** Opening Exercise input block **

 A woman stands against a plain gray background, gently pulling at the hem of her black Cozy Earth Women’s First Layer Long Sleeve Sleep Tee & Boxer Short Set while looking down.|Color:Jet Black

** Closing Exercise input block **
** Opening Exercise input block **

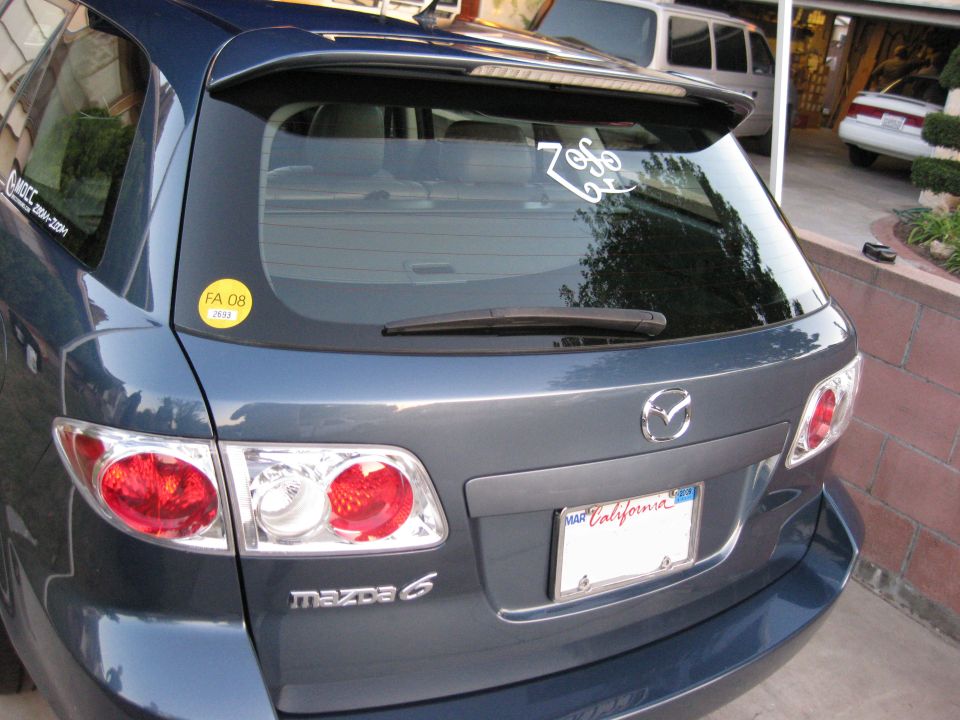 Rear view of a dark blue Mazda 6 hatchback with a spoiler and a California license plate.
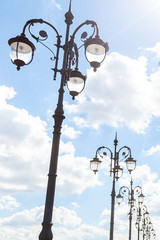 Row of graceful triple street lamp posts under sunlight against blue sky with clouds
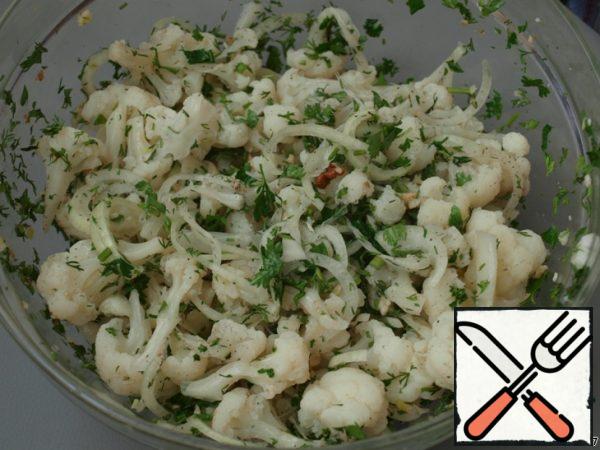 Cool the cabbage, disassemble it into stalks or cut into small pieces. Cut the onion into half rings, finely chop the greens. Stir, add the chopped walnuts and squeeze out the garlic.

** Closing Exercise input block **

### Exercise description
What is wanted is an exact copy of the lines above from the one containing "Rear view of" through the one containing "Cool the cabbage, disassemble", with no pictures in it.

### Your response
 Rear view of a dark blue Mazda 6 hatchback with a spoiler and a California license plate.
 Row of graceful triple street lamp posts under sunlight against blue sky with clouds
 Cool the cabbage, disassemble it into stalks or cut into small pieces. Cut the onion into half rings, finely chop the greens. Stir, add the chopped walnuts and squeeze out the garlic.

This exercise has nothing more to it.